[Records excerpted from a collection]
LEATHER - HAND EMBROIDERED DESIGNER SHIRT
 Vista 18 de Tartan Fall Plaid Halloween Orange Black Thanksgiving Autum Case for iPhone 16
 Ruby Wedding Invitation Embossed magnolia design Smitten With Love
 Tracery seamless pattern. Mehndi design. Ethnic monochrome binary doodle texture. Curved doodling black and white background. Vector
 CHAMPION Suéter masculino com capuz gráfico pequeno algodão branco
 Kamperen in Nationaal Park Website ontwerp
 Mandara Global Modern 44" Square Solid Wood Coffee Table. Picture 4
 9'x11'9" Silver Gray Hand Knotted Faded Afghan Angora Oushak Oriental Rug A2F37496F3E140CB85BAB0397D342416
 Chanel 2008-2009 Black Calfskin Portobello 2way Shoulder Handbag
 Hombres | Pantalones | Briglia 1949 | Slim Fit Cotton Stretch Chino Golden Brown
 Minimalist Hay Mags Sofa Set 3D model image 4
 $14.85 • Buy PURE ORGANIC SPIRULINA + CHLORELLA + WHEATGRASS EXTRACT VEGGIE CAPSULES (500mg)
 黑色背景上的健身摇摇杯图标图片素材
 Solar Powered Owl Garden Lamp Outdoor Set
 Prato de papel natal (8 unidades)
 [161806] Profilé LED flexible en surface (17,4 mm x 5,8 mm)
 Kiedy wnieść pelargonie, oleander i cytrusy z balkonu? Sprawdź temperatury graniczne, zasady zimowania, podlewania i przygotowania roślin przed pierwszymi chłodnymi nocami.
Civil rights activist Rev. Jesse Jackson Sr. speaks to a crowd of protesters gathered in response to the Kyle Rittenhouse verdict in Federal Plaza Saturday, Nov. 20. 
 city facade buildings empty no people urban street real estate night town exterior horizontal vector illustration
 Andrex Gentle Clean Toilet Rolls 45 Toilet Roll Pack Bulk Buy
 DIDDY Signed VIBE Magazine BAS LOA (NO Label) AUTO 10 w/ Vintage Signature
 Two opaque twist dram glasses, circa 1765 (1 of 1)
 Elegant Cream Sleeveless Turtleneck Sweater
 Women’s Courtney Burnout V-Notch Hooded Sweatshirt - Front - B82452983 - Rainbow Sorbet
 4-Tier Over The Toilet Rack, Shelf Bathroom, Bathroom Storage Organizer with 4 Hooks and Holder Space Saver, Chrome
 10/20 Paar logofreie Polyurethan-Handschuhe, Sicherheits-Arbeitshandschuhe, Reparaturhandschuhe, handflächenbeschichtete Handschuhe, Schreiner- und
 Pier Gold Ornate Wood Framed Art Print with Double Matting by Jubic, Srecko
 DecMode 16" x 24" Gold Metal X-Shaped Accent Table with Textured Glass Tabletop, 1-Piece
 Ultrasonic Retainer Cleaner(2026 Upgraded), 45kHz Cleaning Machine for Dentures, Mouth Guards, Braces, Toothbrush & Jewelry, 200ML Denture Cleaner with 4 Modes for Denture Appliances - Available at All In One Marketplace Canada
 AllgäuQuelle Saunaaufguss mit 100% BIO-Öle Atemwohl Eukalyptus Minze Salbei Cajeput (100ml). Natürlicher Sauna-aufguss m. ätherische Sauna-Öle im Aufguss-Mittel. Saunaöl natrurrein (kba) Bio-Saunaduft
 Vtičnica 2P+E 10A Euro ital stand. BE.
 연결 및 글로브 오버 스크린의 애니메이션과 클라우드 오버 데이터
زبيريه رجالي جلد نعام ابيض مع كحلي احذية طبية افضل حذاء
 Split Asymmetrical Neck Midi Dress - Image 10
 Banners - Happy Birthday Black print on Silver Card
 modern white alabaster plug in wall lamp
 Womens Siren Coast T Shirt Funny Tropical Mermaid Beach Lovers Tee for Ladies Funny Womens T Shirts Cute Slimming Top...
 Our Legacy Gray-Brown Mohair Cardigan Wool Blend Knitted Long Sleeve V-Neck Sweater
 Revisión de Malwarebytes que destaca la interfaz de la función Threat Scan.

**Activity:** From the records above, reproduce exactly the lines from the one with "Solar Powered Owl Garden Lamp Outdoor Set" to the one with "[161806] Profilé LED", both included, and no others.

**Answer to this task:**
 Solar Powered Owl Garden Lamp Outdoor Set
 Prato de papel natal (8 unidades)
 [161806] Profilé LED flexible en surface (17,4 mm x 5,8 mm)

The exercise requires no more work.